2019年の開幕が待たれるなでしこリーグ。昨シーズン、日テレベレーザ、そしてINAC神戸レオネッサが3つのタイトルを争うなど、なでしこリーグの「2強」として君臨した。今シーズンもタイトル争いの主役となるであろう両チーム、それぞれの中心選手の活躍が期待される。
田中美南 リーグ屈指の点取り屋として
なでしこリーグ4連覇、今年の元日には皇后杯も制し、国内タイトル3冠を達成した日テレベレーザ。「絶対王者」の中心選手として牽引するのがエース・田中美南だ。2016年に初の得点王に輝くと昨季まで3シーズン連続でその座を手にしている。
高い身体能力を擁しスピードのあるドリブルや安定したボディバランス、さらには勝負所でゴールを「決め切る」嗅覚を備えている点取り屋だ。
先の皇后杯では決勝までの全試合でゴールを挙げる活躍をみせた。準決勝の浦和レッズレディ-ス戦では前半43分相手ゴール前の混戦の中、細かいステップからシュートを放ちこの試合唯一の得点となるゴールを決めてみせた。また、決勝の神戸戦でも延長後半、ドリブルから抜け出しチーム4点目となるゴールで試合を決定付けている。
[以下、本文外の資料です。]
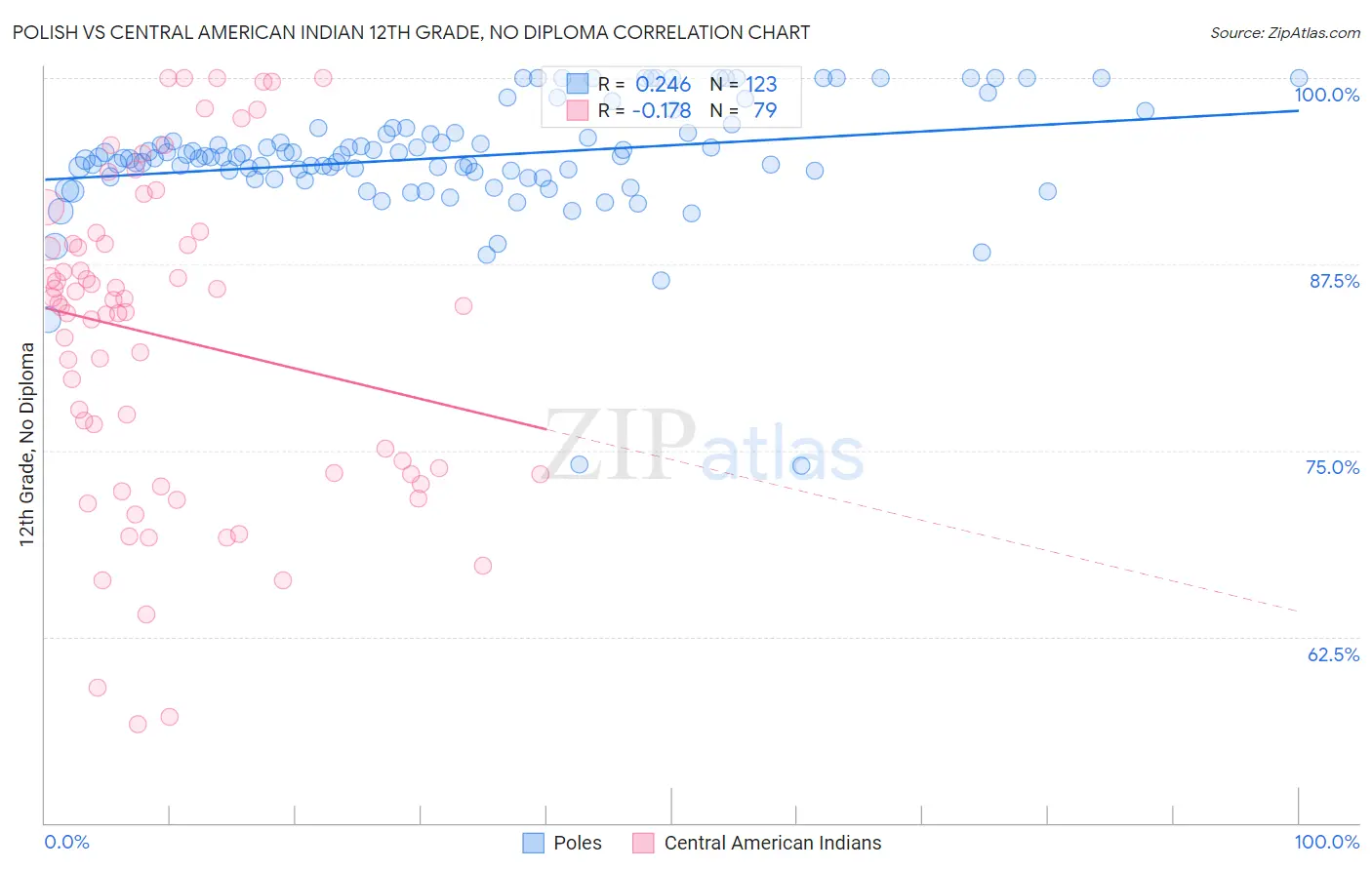 Polish vs Central American Indian 12th Grade, No Diploma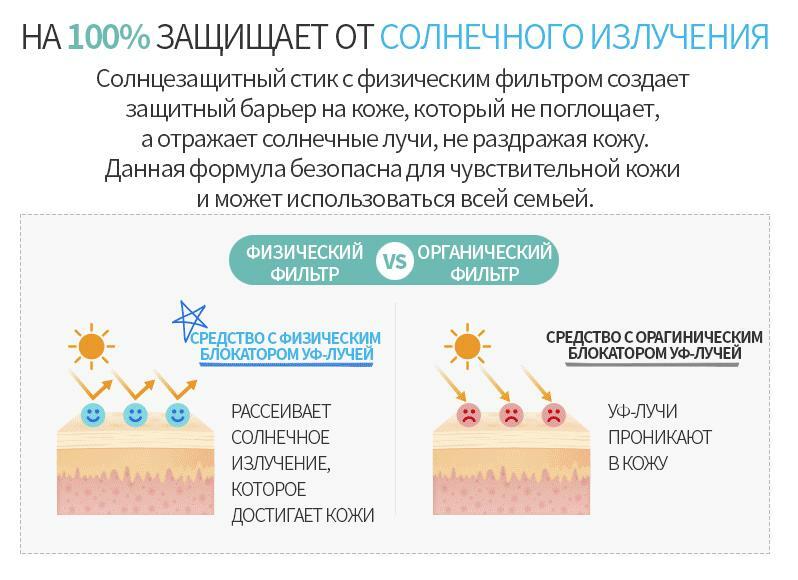 Кракен сайт войти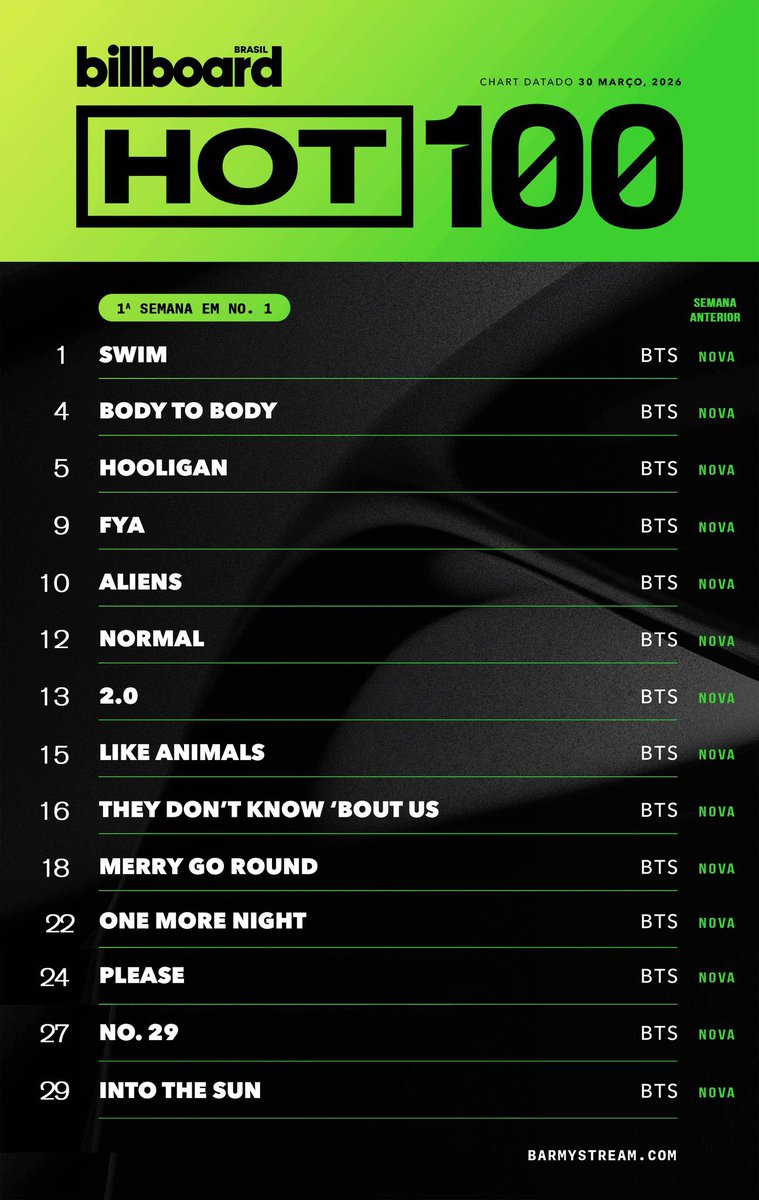 kαh⅞ ARIRANG 🪭 tweet media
同じく神戸との決勝となった昨年7月のリーグカップ決勝でも、守りを固められた中、試合最終盤で決勝のヘディングシュートを叩き込んだ。まさにその決定力と勝負強さは驚異的であり、リーグ屈指を誇る。
昨シーズンは自身初のリーグ最優秀選手にも選ばれ、名実ともに日本を代表するプレイヤーにまで上り詰めた。2019年、日テレベレーザの5連覇、さらには4年連続の得点王に向け、今年も田中美南のゴール量産は確実だ。そして今年も多くのファン、サポーターが彼女のプレーを観る為にスタジアムに足を運ぶだろう。なぜならば現在、なでしこリーグには史上最高のストライカーが存在するのだから。
岩渕真奈 悔しさが残った昨年の雪辱を
岩渕真奈はINAC神戸レオネッサで3シーズン目を戦う。
昨シーズンはリーグ、リーグカップ、皇后杯と何れもタイトルには届かなかった。3つともが日テレベレーザの後塵を拝する形となり、自身も一年を通して満足のいく内容を残せなかった。
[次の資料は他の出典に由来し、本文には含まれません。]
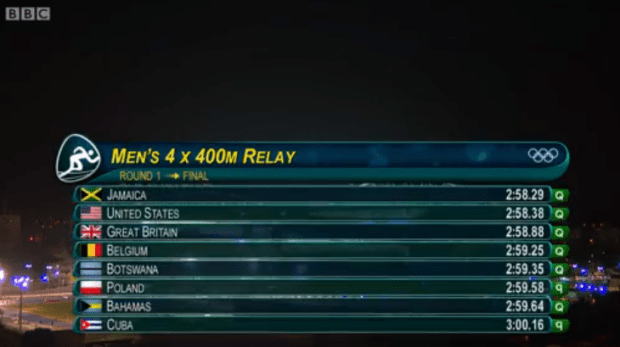 4x400m Relay Men Final (2)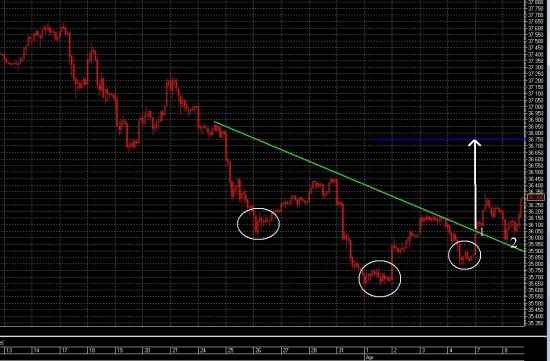 ТА по Гусеву. Гип в USD/RUB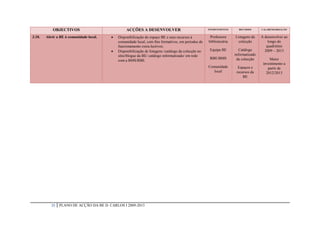 OBJECTIVOS                            ACÇÕES A DESENVOLVER                                INTERVENIENTES     RECURSOS      CALARENDARIZAÇÃO


3.10.   Abrir a BE à comunidade local.      Disponibilização do espaço BE e seus recursos à           Professora      Listagens da    A desenvolver ao
                                             comunidade local, com fins formativos, em períodos de    bibliotecária      colecção          longo do
                                             funcionamento extra-lectivos;                                                                quadriénio
                                            Disponibilização de listagens /catálogo da colecção no    Equipa BE          Catálogo       2009 – 2013
                                             sítio/blogue da BE/ catálogo informatizado/ em rede                       informatizado
                                                                                                       RBE/BMS          da colecção         Maior
                                             com a BMS/RBE.
                                                                                                                                        investimento a
                                                                                                      Comunidade         Espaços e         partir de
                                                                                                         local          recursos da       2012/2013
                                                                                                                            BE




           25   PLANO DE ACÇÃO DA BE D. CARLOS I 2009-2013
その中でもシーズンの最後の公式戦でもあった皇后杯決勝の日テレベレーザ戦、敗れはしたものの高いパフォーマンスをみせつけた。2トップの一角として最前線で動き回り、攻撃のみならず前からのデフェンスも精力的にこなした。序盤からシュートを放ち、パスやドリブルでも起点となり幾度となく好機を演出する。残されたタイトルを奪うべく、「宿敵」を打ち破る執念さえ伝わってくるかのような鬼気迫るプレーが続いた。
そして前半41分に先制点が岩渕のプレーから生まれる。カウンターから相手のディフェンスライン手前でパスを受けるとツータッチ目、右足のアウトサイドでスルーパスを送る。これを増矢理花がゴールに流し込んだ。スピードに乗った流れからボールをコントロールし、狭い間をすり抜ける一瞬でベレーザディフェンスを切り裂いた絶妙なまでのパスだった。
女子ワールドカップがフランスで開催される今年、これまで以上に国内外の女子サッカーに注目が集まるだろう。8年前、10代にして世界制覇の一員となった岩渕も夢のピッチを目指す一人だ。だがINAC神戸レオネッサの背番号10に気負いはない。
「INACで一つでも多くのタイトルを獲り、チームで結果を残した先に日本代表がある」そう語る岩渕真奈は今季からキャプテンに選ばれている。チームの先頭に立ち、今年こそタイトル獲得に挑む。